The authors' idea is to represent this entire collection with a single formal word, $w$, defined over a more abstract mathematical world called a function field, $K = F_q(Z)$. Think of this field as the set of all rational functions (ratios of polynomials) in a formal variable $Z$.
The formal word $w$ is defined as:
$$w(x) = \underbrace{u_0(x)}_{\text{base word}} + \underbrace{Z}_{\substack{\text{formal}\\\text{variable}}} \cdot \underbrace{u_1(x)}_{\text{direction word}}$$
This new word $w$ is not just a list of numbers; it's a list of polynomials in $Z$.
Hence, a single formal word $w$ encapsulates every word on the original line. If we take $w$ and simply substitute a specific value $z$ from our original field $F_q$ in place of the formal variable $Z$, we get back the exact word $u_z$:
$$w(x) \bigg|_{Z=z} = u_0(x) + z \cdot u_1(x) = u_z(x)$$
By running classical decoding algorithms on the single abstract word $w$, the authors can deduce properties that must hold for *all* the concrete words $u_z$ at once.

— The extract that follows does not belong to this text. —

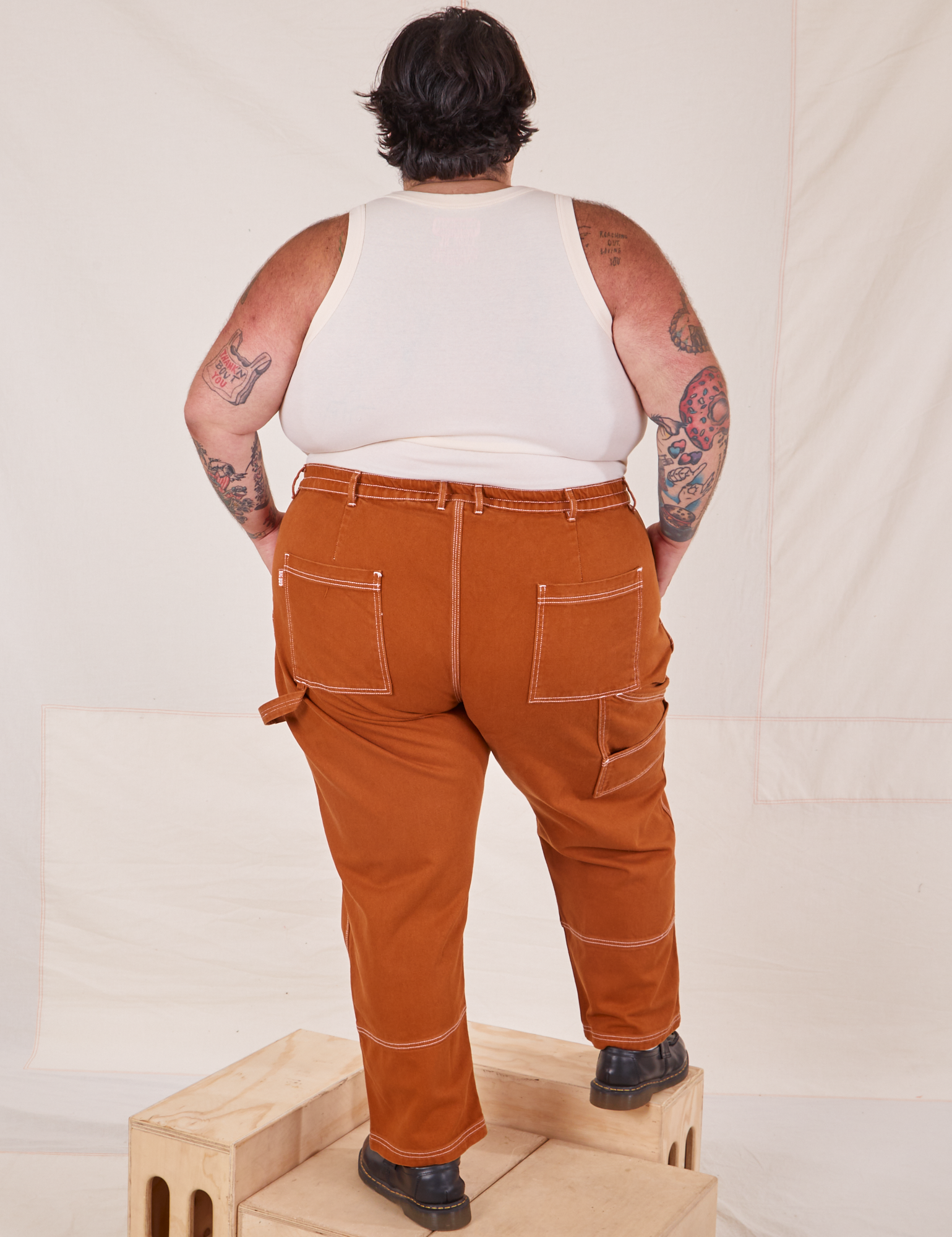 Back view of Carpenter Jeans in Burnt Terracotta and vintage off-white Cropped Tank Top on Sam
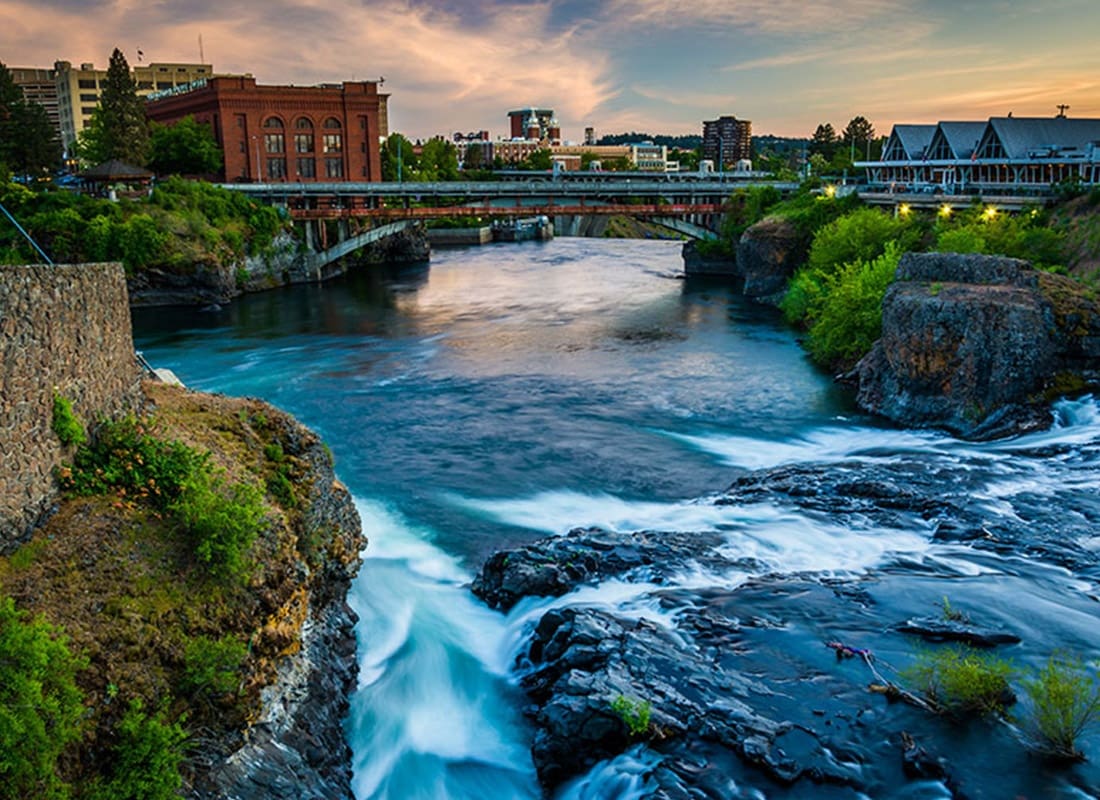 Spokane, WA - Rushing River Flows Under a Bridge in Spokane, WA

### Part A: The Unique Decoding Regime via Berlekamp-Welch
This approach is used when the number of errors ($\delta$) is small. The goal is to show that if many words on the line are close to a codeword, then the initial words $u_0$ and $u_1$ must share a highly correlated structure.
#### Step 1: The Berlekamp-Welch Algorithm
The Berlekamp-Welch (BW) algorithm is a classic method for correcting errors in RS codes. Given a received word $r$ with a few errors, it finds two polynomials:
* An **error-locator polynomial**, $A(X)$, which is zero at the error positions.
* A **codeword-evaluator polynomial**, $B(X)$.
These polynomials satisfy the key equation $A(x) \cdot r(x) = B(x)$ for all positions $x$. The multiplication by the error-locator polynomial $A(X)$ effectively masks the errors present in the received word $r$, allowing the original polynomial to be restored perfectly through the division. The corrected codeword is then found by $P(X) = B(X) / A(X)$.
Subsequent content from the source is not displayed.